I'm not going to pay a lot for this muffler!

There is a difference between being miserly and being frugal. Being miserly means hoarding wealth out of greed. Greed, as we saw in other articles is a source of misery that actually leads to loss of wealth. Being frugal mean properly preserving your scarce resources, which can lead to happiness. Here we approach the topic from the standpoint of being frugal.

So what is a quick and easy way to pick a mutual fund? First we want to do a cost/benefit analysis. What are we getting and how much are we paying for it. When we approach this subject, healthy skepticism is in order. The majority of mutual funds have difficulty outperforming their benchmarks. If they don't outperform their index, we can simply purchase the index instead. If one does outperform their index, the next question is whether it was due to luck or skill. Do they actually have an investment process that is likely to produce somewhat higher returns than the averages over a long period of time? If the benchmark is an average performance, then one would expect roughly half of the funds to outperform and half to underperform during any given period of time. Is it the same funds that outperform, meaning if we purchase one that has outperformed in the past is it more likely to underperform when we purchase it?

These are questions that should be answered. For example, the American Century Growth Fund (symbol: agwrx)is an actively managed fund that charges 1.47% fees on an annual basis. They invest in large cap growth stocks indexed to the Russel 1,000 Growth index. Ishares has a passively managed index fund (symbol: iwf) that charges 0.20% on an annual basis.
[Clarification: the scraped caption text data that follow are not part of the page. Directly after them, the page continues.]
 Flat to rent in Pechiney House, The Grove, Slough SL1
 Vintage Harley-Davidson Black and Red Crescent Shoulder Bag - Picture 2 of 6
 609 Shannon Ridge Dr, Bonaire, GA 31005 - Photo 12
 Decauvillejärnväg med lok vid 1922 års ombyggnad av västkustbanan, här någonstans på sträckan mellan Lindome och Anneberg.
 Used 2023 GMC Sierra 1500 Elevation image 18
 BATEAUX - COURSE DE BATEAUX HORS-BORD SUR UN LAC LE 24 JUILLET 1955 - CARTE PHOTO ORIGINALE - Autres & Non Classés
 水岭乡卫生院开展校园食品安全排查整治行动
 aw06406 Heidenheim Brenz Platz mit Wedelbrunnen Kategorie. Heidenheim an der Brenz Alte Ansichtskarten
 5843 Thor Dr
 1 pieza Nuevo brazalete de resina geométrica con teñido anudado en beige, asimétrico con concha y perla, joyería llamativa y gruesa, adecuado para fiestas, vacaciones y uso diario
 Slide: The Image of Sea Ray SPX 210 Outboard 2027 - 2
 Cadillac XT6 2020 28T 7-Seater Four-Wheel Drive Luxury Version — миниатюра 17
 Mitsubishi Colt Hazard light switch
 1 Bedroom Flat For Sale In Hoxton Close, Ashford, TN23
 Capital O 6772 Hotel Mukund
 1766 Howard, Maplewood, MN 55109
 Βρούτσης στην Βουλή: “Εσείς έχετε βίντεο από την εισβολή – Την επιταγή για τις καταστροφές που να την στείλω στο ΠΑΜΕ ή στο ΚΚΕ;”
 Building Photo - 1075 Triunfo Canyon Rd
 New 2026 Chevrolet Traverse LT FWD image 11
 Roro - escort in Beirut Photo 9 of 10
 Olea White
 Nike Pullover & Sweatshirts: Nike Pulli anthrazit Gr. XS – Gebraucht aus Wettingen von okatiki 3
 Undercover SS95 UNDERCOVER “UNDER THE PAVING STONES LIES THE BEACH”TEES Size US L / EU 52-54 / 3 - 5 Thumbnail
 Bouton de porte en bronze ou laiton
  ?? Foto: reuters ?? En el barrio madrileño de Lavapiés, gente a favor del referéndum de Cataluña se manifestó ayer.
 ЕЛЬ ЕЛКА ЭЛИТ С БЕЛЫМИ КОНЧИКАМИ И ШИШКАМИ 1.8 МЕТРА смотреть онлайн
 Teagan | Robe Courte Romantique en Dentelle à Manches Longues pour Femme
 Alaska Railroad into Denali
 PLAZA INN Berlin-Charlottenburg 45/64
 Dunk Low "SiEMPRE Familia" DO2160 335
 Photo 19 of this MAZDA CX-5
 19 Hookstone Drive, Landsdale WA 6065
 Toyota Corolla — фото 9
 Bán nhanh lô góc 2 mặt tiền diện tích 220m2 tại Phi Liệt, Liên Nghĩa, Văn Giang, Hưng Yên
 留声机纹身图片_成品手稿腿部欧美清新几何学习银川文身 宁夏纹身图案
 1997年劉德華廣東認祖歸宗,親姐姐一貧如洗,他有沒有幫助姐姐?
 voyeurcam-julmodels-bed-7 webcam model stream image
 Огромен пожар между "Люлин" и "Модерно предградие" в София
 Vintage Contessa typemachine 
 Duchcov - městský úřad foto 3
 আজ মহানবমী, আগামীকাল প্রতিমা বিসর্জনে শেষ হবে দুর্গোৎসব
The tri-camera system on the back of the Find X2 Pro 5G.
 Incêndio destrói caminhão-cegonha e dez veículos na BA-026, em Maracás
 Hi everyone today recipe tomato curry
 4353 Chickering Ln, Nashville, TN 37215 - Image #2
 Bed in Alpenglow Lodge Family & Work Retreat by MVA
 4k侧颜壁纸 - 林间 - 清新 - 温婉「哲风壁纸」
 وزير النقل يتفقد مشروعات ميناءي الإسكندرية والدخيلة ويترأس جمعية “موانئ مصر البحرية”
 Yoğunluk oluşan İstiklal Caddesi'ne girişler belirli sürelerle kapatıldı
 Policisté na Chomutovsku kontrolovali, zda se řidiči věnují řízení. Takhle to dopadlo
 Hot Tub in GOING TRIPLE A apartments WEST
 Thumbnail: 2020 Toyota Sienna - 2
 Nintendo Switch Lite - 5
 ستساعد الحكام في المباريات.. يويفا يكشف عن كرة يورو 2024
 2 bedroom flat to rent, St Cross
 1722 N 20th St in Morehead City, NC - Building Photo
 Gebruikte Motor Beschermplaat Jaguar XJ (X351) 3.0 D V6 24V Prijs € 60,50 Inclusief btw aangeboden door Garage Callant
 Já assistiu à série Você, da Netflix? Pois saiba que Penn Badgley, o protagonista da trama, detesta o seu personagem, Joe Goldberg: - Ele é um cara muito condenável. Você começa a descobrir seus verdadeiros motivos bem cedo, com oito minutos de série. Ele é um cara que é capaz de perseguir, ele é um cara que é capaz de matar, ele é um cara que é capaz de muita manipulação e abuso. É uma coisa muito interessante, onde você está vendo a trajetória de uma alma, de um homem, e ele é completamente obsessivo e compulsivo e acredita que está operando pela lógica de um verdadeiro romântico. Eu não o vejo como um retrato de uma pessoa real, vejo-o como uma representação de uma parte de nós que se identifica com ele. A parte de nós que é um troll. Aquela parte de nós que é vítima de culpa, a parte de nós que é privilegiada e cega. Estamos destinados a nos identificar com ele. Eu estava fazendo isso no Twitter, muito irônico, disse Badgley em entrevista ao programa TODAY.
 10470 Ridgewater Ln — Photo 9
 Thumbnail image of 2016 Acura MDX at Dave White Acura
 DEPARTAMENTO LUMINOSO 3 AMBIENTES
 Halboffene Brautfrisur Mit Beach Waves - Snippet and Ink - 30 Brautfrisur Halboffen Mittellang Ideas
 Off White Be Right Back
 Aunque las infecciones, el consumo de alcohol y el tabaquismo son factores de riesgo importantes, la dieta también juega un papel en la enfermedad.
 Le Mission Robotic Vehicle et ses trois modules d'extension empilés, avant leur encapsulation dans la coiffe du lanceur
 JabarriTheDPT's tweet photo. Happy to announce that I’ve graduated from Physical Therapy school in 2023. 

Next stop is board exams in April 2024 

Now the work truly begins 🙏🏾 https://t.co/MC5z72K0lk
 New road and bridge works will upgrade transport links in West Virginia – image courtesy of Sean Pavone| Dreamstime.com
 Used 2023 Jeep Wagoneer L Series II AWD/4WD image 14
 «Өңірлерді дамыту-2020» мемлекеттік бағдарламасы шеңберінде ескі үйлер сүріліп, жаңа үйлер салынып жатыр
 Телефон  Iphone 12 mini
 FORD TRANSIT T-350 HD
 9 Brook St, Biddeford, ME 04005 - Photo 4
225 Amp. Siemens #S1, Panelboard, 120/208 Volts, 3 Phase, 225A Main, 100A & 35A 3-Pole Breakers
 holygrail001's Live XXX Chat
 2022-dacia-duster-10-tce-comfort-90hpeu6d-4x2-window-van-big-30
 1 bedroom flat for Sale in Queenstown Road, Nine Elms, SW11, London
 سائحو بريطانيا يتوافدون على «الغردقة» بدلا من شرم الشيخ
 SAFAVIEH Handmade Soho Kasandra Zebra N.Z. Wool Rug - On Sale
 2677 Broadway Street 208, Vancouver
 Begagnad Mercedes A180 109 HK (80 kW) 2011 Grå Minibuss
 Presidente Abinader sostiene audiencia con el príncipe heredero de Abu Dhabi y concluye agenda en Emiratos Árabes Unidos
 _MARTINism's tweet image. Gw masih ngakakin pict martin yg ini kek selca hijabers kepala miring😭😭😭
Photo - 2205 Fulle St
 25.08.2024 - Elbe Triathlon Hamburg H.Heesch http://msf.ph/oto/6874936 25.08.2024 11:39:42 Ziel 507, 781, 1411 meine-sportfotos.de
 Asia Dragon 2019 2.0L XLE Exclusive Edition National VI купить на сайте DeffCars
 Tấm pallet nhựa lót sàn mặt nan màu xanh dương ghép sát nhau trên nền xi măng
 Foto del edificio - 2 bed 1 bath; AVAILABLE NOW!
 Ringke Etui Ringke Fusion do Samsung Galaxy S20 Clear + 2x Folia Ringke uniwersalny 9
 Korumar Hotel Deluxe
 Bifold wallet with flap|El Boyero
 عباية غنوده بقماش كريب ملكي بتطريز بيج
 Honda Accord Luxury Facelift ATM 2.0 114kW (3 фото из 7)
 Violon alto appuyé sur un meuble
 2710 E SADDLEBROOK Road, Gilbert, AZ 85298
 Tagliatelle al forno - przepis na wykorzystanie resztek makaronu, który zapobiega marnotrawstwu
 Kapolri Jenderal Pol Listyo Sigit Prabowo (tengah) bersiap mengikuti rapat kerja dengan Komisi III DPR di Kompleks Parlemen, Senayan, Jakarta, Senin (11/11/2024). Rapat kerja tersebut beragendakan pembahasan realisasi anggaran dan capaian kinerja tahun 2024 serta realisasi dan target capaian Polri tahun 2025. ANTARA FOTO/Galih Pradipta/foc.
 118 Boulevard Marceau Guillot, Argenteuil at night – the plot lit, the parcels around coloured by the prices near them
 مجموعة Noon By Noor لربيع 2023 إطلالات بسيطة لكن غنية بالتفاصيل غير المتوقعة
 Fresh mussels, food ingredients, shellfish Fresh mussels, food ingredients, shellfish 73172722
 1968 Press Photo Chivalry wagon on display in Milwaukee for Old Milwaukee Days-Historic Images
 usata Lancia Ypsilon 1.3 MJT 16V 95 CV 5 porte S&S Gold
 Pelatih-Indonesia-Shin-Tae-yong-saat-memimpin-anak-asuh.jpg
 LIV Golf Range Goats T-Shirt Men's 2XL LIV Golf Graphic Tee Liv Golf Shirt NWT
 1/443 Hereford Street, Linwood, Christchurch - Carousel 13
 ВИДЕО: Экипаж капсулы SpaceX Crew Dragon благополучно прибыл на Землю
If they both received the same fees before deducting expenses, after 40 years invested you would have $1.63 in iwf vs $1 in agwrx. This is a huge difference in wealth.

There are two methods to determine whether a fund is likely to outperform its benchmark persistently: qualitative and quantitative means. We will start with qualitative, which answers the question why one would expect the fund to outperform. The quantitative method answers the question did they outperform in the past in such a way as it supports their potential to do so in the future. An example might be that they invest in less liquid securities, which historically have been shown to outperform due to the liquidity premium they require. For the qualitative analysis, we need to rely upon Morningstar's Premium service. For the quantitative analysis we will use their free service.

Morningstar's fund analysis discusses the investment process used by agwrx. They explain that the fund tries to match the Russel 1,000 Growth Index by sector as well as various factors such as volatility or momentum. Their focus is almost entirely individual security selection. So the question here is whether these guys are such great stock pickers that they can overcome 1.27% management fee differential plus heavy taxes from turning over their portfolio say 80-100% as they did in the past two years. There isn't a discussion of why their stock picking prowess is expected to be so good.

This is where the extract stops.